Piano Concerto No. 4 in G major Op. 58 (1806) [34:28] º
Camille SAINT-SAËNS (1835-1921)
Piano Concerto No. 2 in G Minor Op. 22 (1868) [23:05] ¹
Heitor VILLA-LOBOS (1887-1959)
Prole do bebê Book 1 (1918)
Moreninha [1:32]: A Pobresinha [1:24]: O Polichinello [ 1:25] ²
Fryderyk CHOPIN (1810-1849)
Etude in E minor Op.25 No.5 [3:18] ²
Scherzo in B flat minor Op.31 [10:06] ³
Artur Rubinstein (piano)
LPO/Antal Dorati – rec. live, Royal Festival Hall, London, December 1967 º
BBC Symphony Orchestra/Rudolf Schwarz – rec. live, Royal Festival Hall, London, November
1957 ¹
rec. BBC Studios, London, November 1958 ²; live, Royal Festival Hall, London, December 1968 ³
BBC LEGENDS BBCL 4216-2 [76:38]


More live material from the BBC gives us the fruits of a quartet of dates given by Rubinstein in London. The earliest was the RFH 1957 Saint-Saëns G minor with Rudolf Schwarz followed by the 1958 studio Villa-Lobos and Chopin Etude. Nearly a decade later we have the Beethoven G major concerto and from 1968 we’re back at the RFH hear the Chopin Scherzo.

You don’t need to be a Rubinstein specialist to know that none of the works is within a country mile of an addition to his discography.
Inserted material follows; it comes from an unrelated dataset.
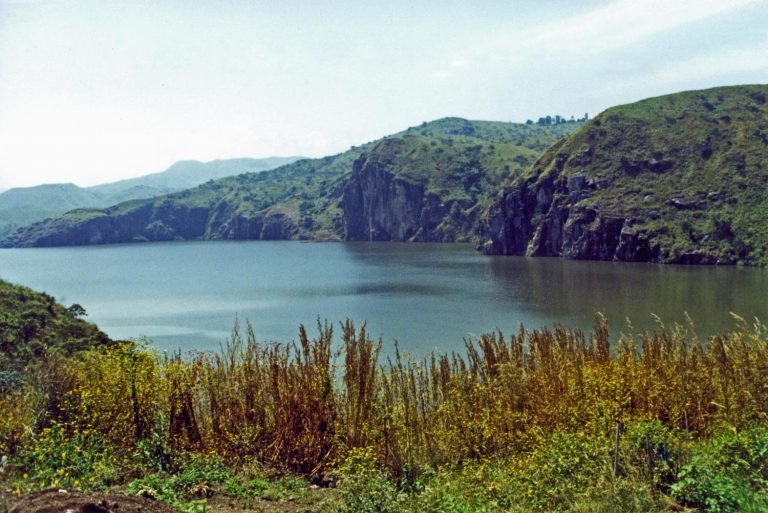 Voda, která dýchá jed. Kamerunské jezero před lety zabilo celou vesnici. Místní se ho dodnes bojí. Myslí si, že zde Američané testovali chemické zbraně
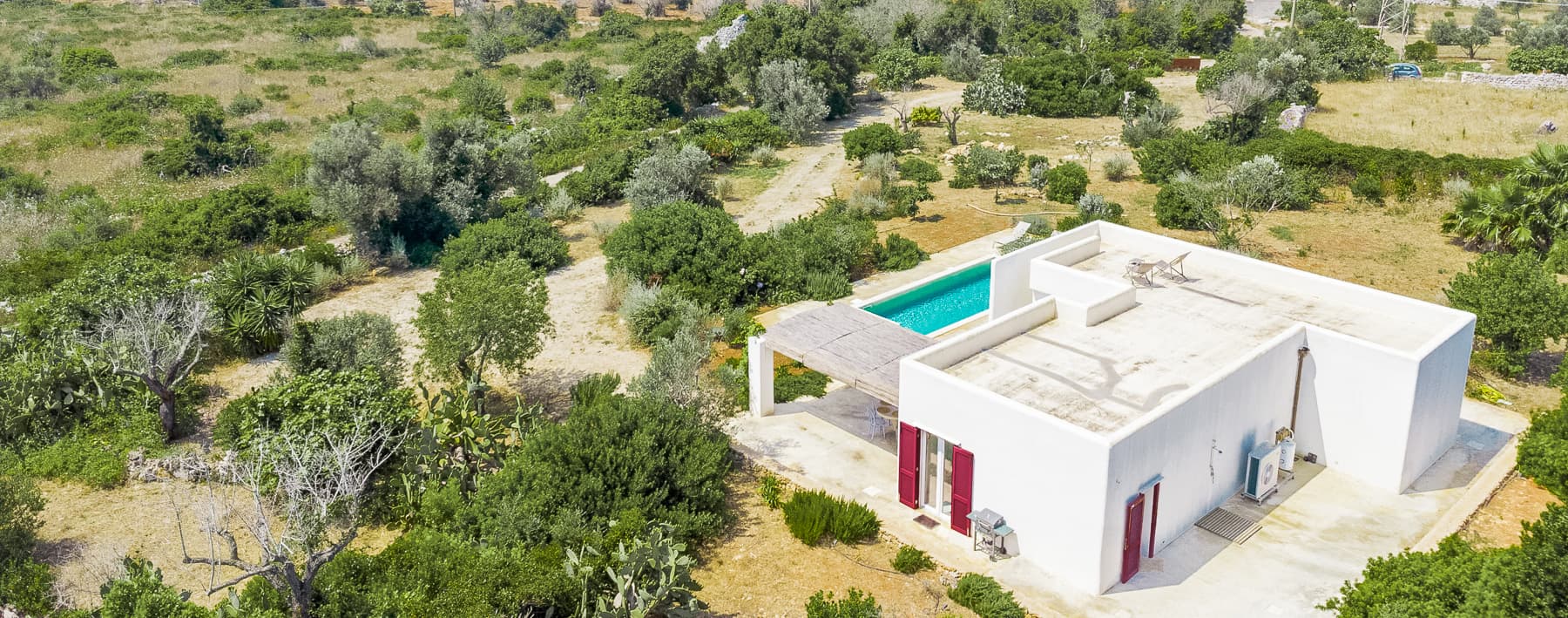 Elegant Villa with Pool in Serene Puglia Countryside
The Beethoven concerto survives in a number of different performances – the 1947 RPO/Beecham was followed by the Symphony of the Air/Krips traversal of 1956, the Boston/Leinsdorf (1964) and the final studio reading with the LPO and Barenboim in 1975. A 1951 NYPSO/Mitropoulos has happily done the rounds, and indeed this BBC performance has itself been out before on Hunt 567. The Saint-Saëns was also a work long associated with the pianist; he was a selective performer of the Frenchman’s music and only ever recorded the Second, with the Symphony of the Air, this time under Wallenstein in 1958 and later with the Philadelphia and Ormandy in 1969. A live NYPSO/Mitropoulos, this time from 1953, has also circulated. As for the Villa-Lobos he recorded the same three pieces from Book I of Prole do bebê back on 78s in 1931, Nos. 6 and 7 in 1941, Nos. 2, 6 and 7 in 1961 and No. 7 in 1964. His Chopin recordings are, after some of these lesser-known affairs, part of his canonic repertoire and hardly need reprising.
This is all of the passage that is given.